2. Pedestrian access throughout the project – Scoping of the project should include guidelines for designs to facilitate pedestrian travel through the project and into surrounding neighborhoods.

3. Air rights development – Intensive use of the air rights above the rail yards and the Turnpike can be foreseen as part of any long-range plan. Ramps and access roads, the mainline of the Turnpike and the commuter rail yards should be designed to accommodate development of the air rights.

4. Land uses in the newly available land – The needs of the community and adjacent institutions should guide development, rather than the needs of traffic to and from the Turnpike. Traffic needs should not limit the explorations of the potential uses of the land.

5. Affordable housing for residents of Allston – Housing goals should be outlined early to permit inclusion in all aspects of the study.

6. Minimize the impacts of regional traffic on neighborhood streets – The alignment and connections of turnpike on and off-ramps should be designed to minimize cut through traffic and to protect the integrity of residential areas.

7. Rail Yards – The design for reconstruction of the rail yards should minimize the number of required tracks (possibly looking at other locations to provide some of the necessary rail yards) and provide footprints for the supporting columns that enable air rights development above them.

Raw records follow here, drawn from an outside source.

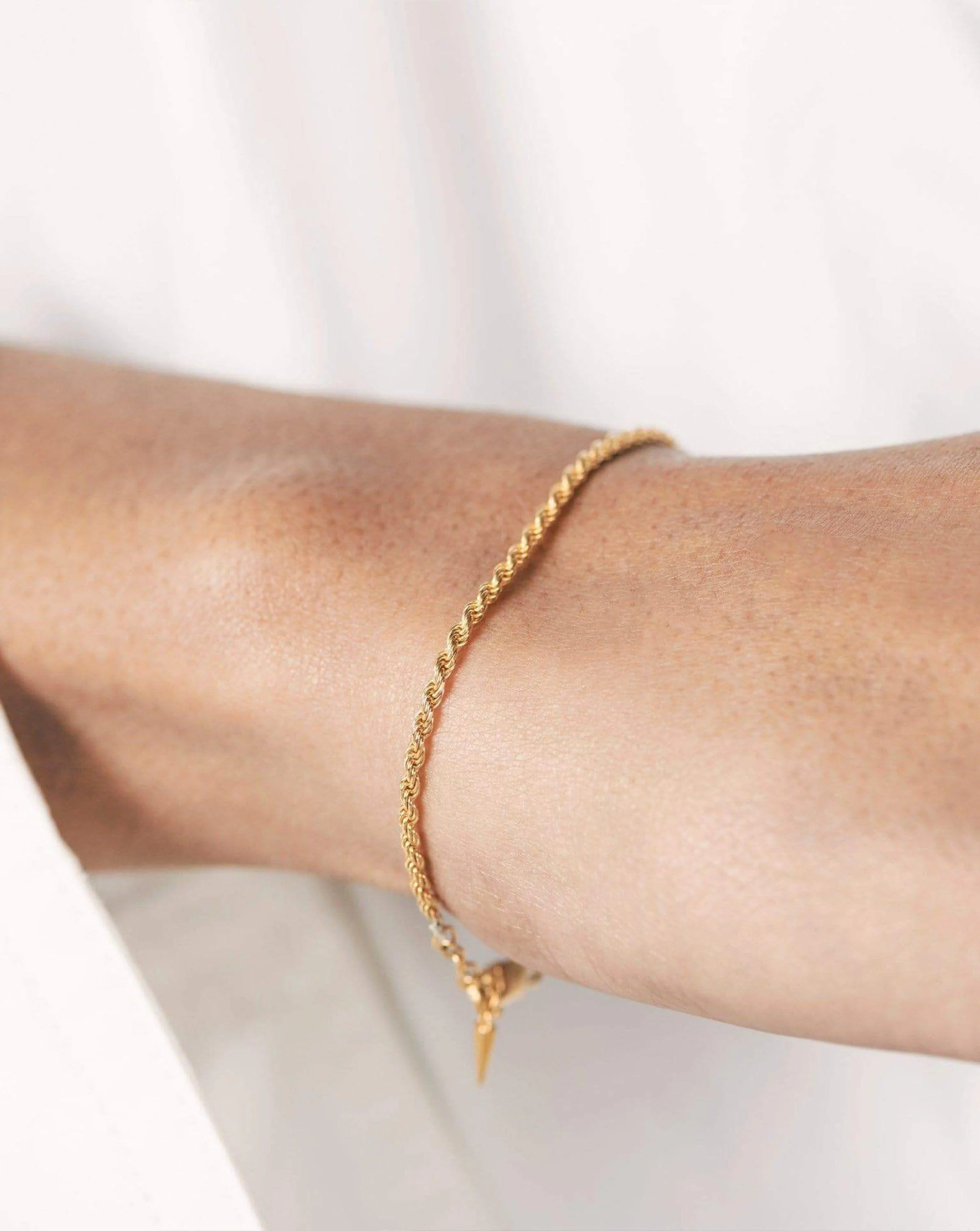 Solid Gold Classic Rope Chain Bracelet - Image 2
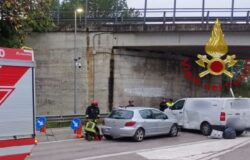 Incidente, auto, furgone, donna, ospedale
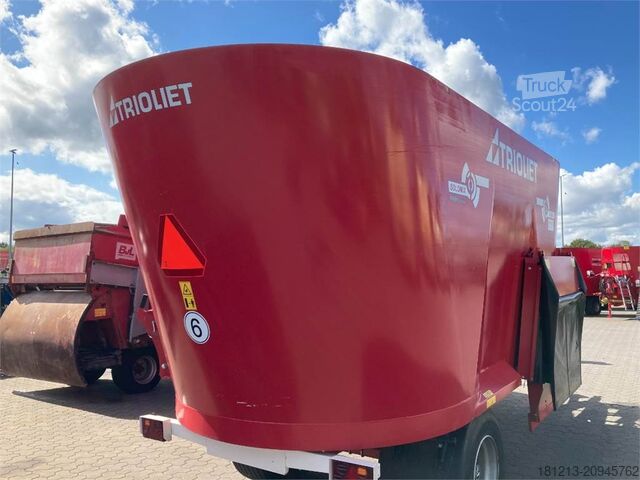 Lauksaimniecības mašīna Trioliet Solomix 2 2000 ZK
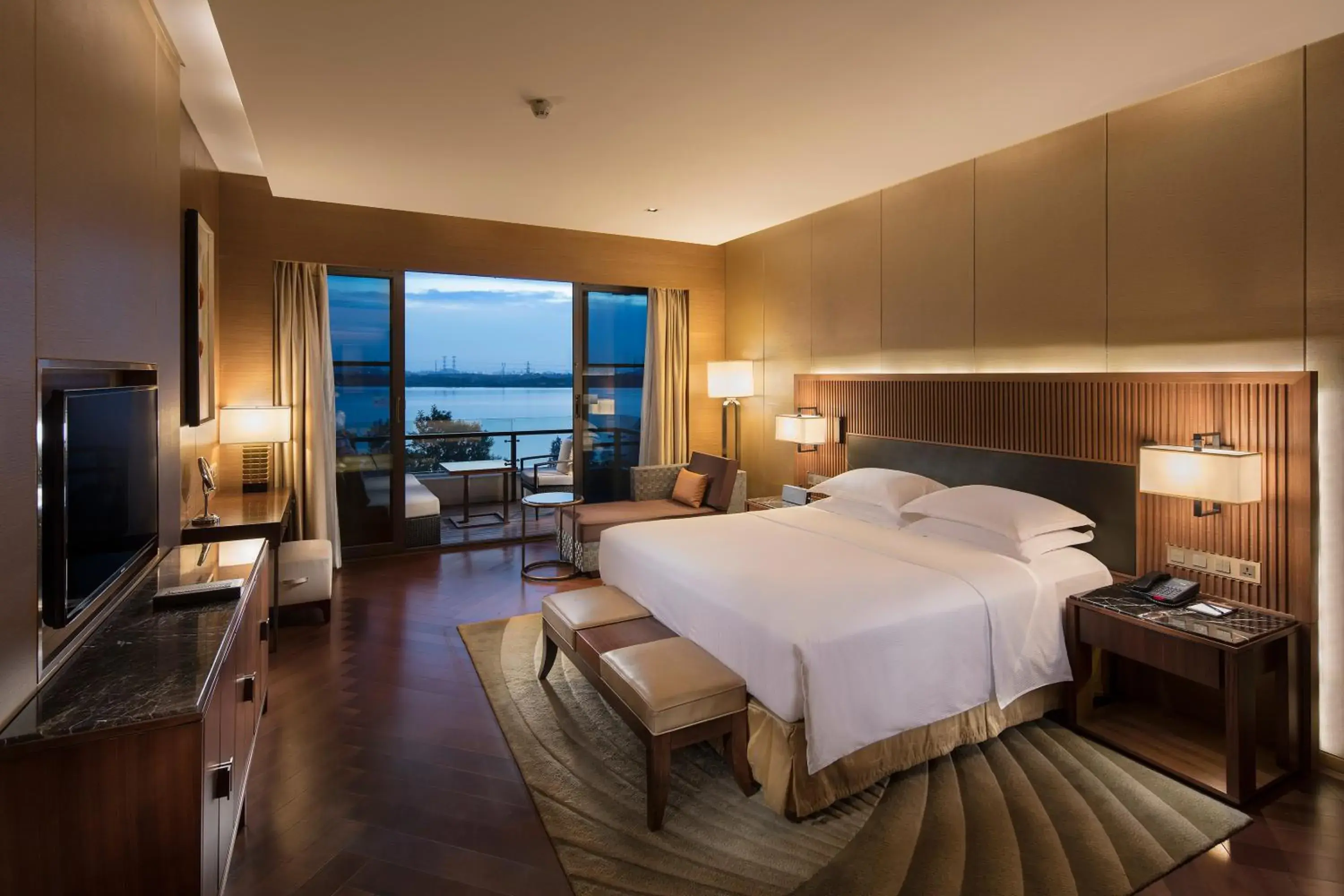 TV and multimedia, Bed in Hilton Wuhan Optics Valley TV and multimedia, Bed in Hilton Wuhan Optics Valley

8. Commuter rail station – The design of a new West Station should be advanced to a point where its location and likely dimensions are known, to allow for planning its access to proceed as part of this project. Station access should be provided for both sides of the rail tracks between North Allston and Commonwealth Avenue.

9. Reconnecting Packard’s Corner area and North Allston – An impenetrable wall of rail tracks and the Turnpike will separate the two parts of this neighborhood forever, unless provision for crossing is planned from the beginning, either with air rights or with bridges, or both.

10. Transit access – Bus, commuter rail and other modes of public transportation should be considered as part of the overall design at a very early date.

11. Turnpike main line – The lanes in the new portion of the Turnpike between Agganis Way and Cambridge St. should be separated sufficiently to allow for the construction of supporting columns for new uses on air rights above the Turnpike.

12. Turnpike access ramps – Access ramps should be designed in spare and efficient ways that afford the maximum use of the land for non-transportation purposes. Short tunnels should not be excluded from consideration.

13. Storrow Drive Alignment – A long-range plan for the area should include relocation of a portion of Soldiers Field Road away from the river. All access to and from the Turnpike and Cambridge Street should take this into consideration and not preclude potential options for connections.

14. A new park along the river – Relocation of Storrow Drive away from the river allows expansion of the adjacent parkland, which is now very narrow and constrained.

15. Connecting the area with the Charles River – Alternatives should be examined for connections between development in this area and the river for both pedestrians and bicycles.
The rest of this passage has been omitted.